We regard it as very much to be regretted that Masons fail to celebrate the day of the Evangelist St. John. It is a loss to Masonry. It is a surrender of an opportunity to direct the minds of the Fraternity to the origin of their Institution, antedating the times of Christ and the Evangelist, antedating the times of the ancient Druids, who in celebrating the great winter festival were merely commemorating a season which had been observed by men and Masons from the beginning.

"And God said, Let there be lights in the firmament of the heaven, to divide the day from the night; and let them be for signs and for seasons, and for days and years." As the sun ruled the day and the moon the night, so the moon marked the week of seven days and by its quartering the month of four weeks; so the sun measured the year, and the earth by its revolution and the eccentricity of its axis, pointed out the equinoxes and the solstices. Very much in Masonry has thus an astronomical origin. The moon has always been used to indicate by its quarterings the time for lodge meetings.

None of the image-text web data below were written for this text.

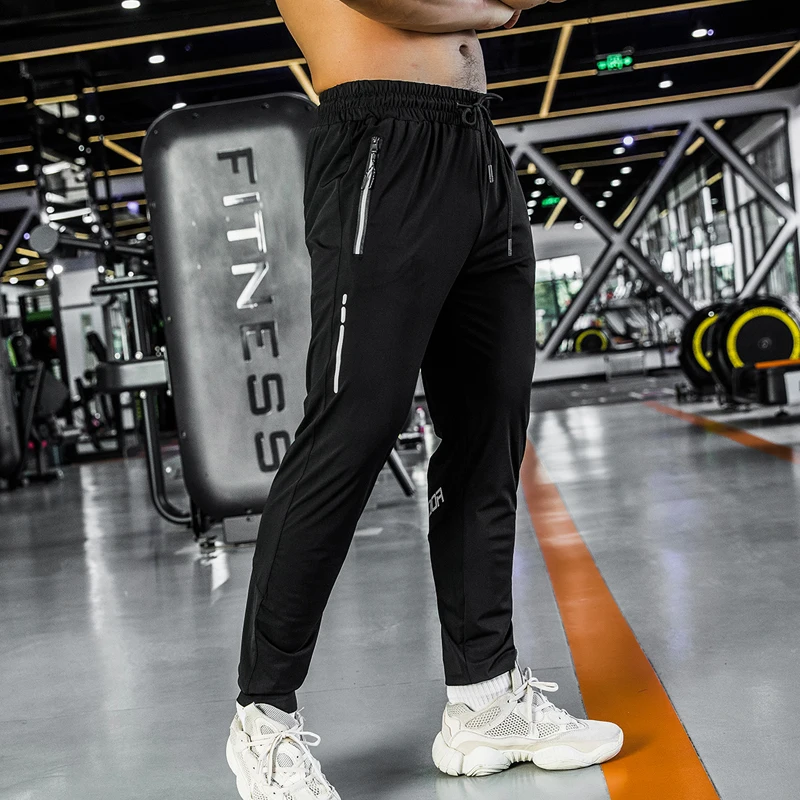 Summer Thin Men Sports Running Pants zipper pocket Athletic Football Soccer Training sport Pants Legging jogging Gym Trousers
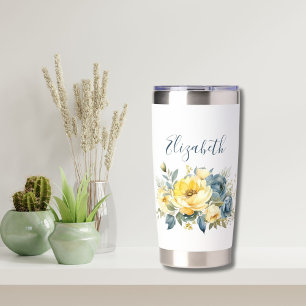 Monogram Blue Yellow Floral Bridesmaid Gift  Insulated Tumbler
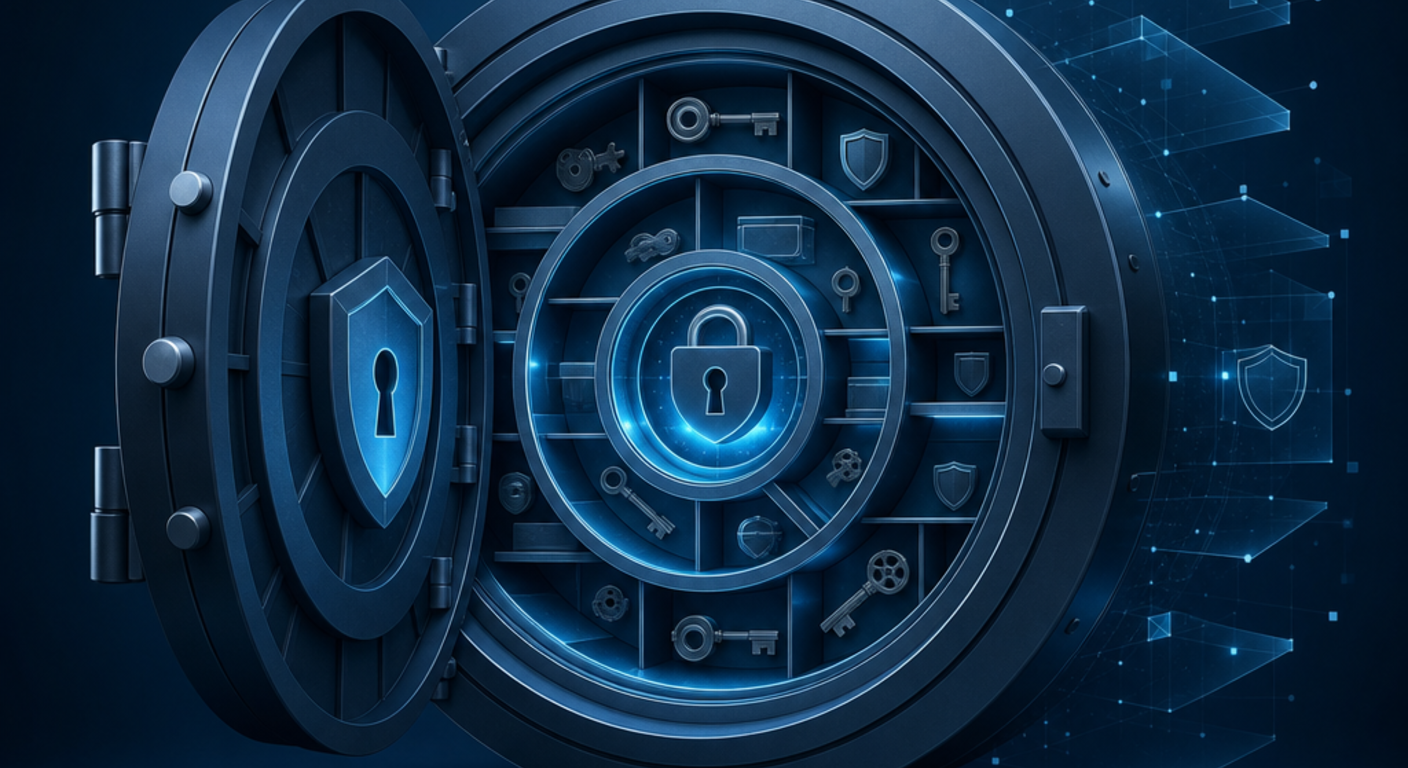 Password manager vault architecture and credential security concept for executives and family offices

And among all the nations of antiquity, the equinoxes and solstices were ever regarded as seasons of great importance. Especially in the ancient mysteries, was great stress laid upon the solstices, and the winter and summer solstice, the shortest day and the longest day of the year, commemorated with great ceremony. The well-known Masonic symbol, the point within a circle bounded by the two parallels — refers to this — the point, the sun, the centre of the solar system; the circle, the earth's orbit around the sun; the parallels, where they touch the circle, the winter and summer solstice, the limit of the sun's apparent course to the Northward and Southward of the Equator; the left hand perpendicular, Boaz or the Northern Pillar, the right hand perpendicular, Jachin, the Southern Pillar, standing in the porch of the Temple of the Lord, which is the Universe, while the Bible, as now placed in the symbol, or more properly in our opinion the sun, as the symbol of divinity, has its place in the Orient.

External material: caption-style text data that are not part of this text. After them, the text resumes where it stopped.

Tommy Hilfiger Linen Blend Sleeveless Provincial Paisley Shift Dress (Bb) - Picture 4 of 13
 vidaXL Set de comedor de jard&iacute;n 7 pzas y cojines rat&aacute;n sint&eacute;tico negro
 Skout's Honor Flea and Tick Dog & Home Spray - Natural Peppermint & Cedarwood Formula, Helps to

Just in the same manner as the Christmas celebration, and the Evangelist St. John's celebration, Masonically refer to seasons having an astronomical origin, so even do those celebrated pillars in front of Solomon's temple, although usually referred to the pillar of cloud and the pillar of fire, which followed and preceded the Hebrews in the wilderness, — so even do these pillars refer to that older custom of erecting in front of temples one pillar to fire and another to the wind, in allusion to the solstices, in the one when the rays of Sol are most fiery, and in the other, when the winds of Boreas are most piercing and violent.

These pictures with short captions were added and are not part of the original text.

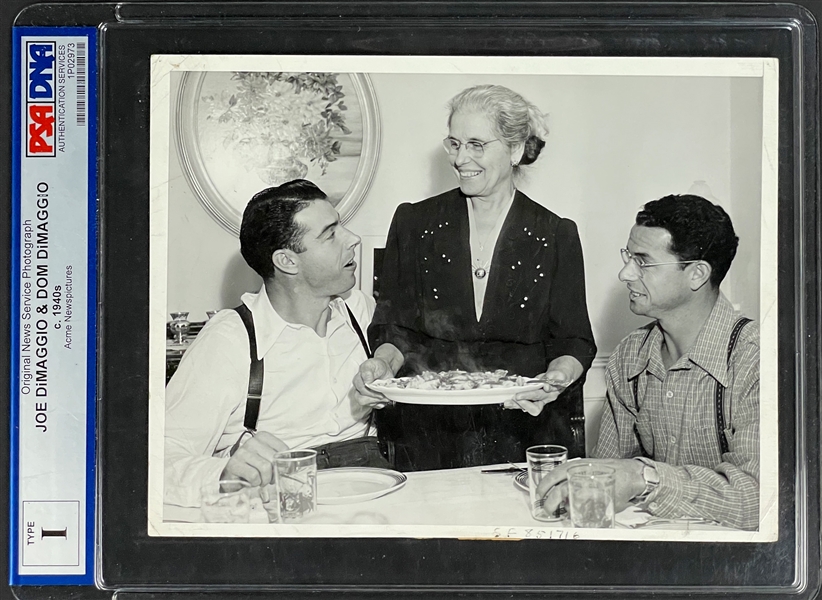 1940s Type I 8x10 Photo of Joe DiMaggio and Dom DiMaggio and Their Mother - PSA/DNA Encapsulated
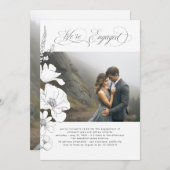 ワイルドフラワーエレガントモダン婚約パーティ写真 招待状 (正面/裏面)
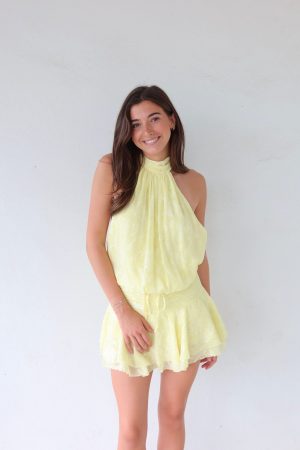 The Buttercream Chiffon Halter Minidress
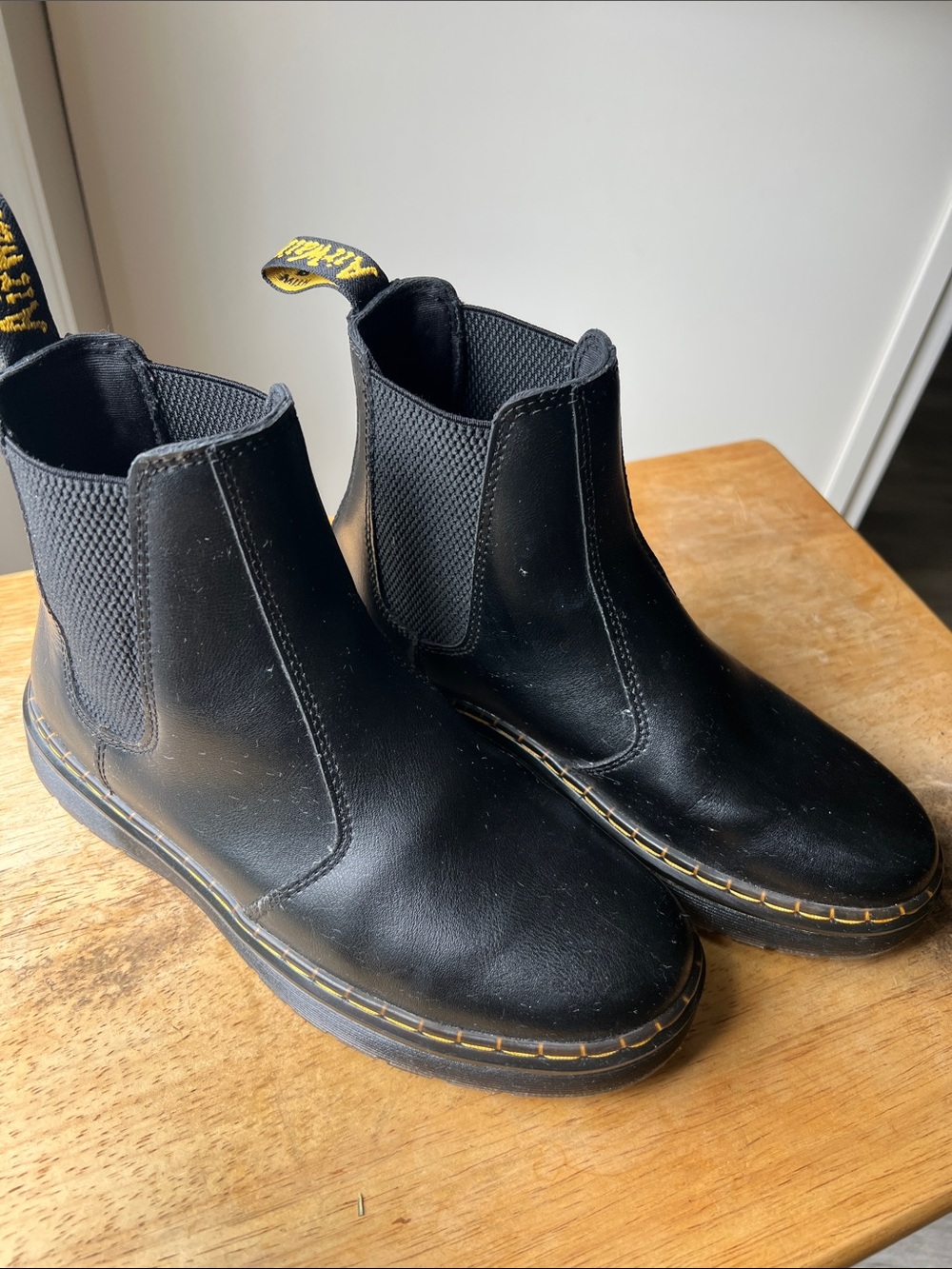 Dr. Martens Black Chelsea Ankle Boots with Yellow Stitching
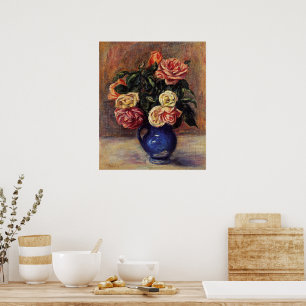 Poster Renoir - Roses dans un vase bleu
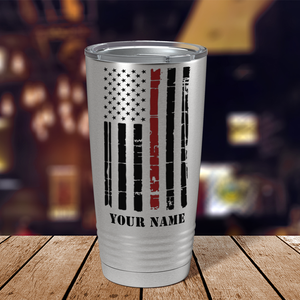 Personalized Distressed Red Line Flag 20oz Stainless Firefighter Tumbler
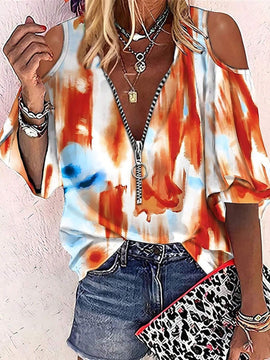 Camisa casual de verano con cremallera, estampado de tie-dye y detalle de huecos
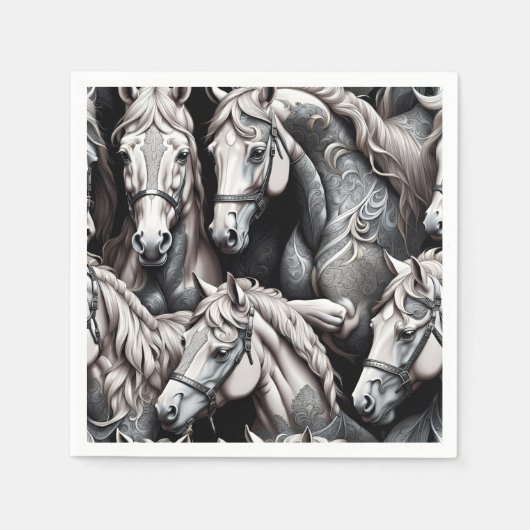 Serviette En Papier Chevaux Peinture détaillée en Art noir et blanc (Devant)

The summer solstice occurs about the twenty-first of June, near enough to the anniversary of St. John the Baptist to lead to the ready adoption by the middle age christianizing Masons of that day, in preference to the twenty-first. The Winter solstice occurs about the twenty-second of December, near enough to the day given by the Church to St. John the Evangelist, to induce the Masons to surrender to it their preference for the twenty-second. A day or two either way, it was thought, no doubt, made no essential difference. But a great mistake was committed. It cast adrift the Fraternity from the reverence for days and seasons of deep Masonic significance, and led them to the adoption of anniversaries which have no essential Masonic meaning. And during the present generation the entire neglect of the anniversary of St. John the Evangelist has led to the surrender of the Christmas festivities to the Church, which more properly and only legitimately belong to the Freemasons. Can this departure from old Masonic custom have gone so far as to render it altogether hopeless to expect that the great Masonic festival of the Winter solstice may ever be revived?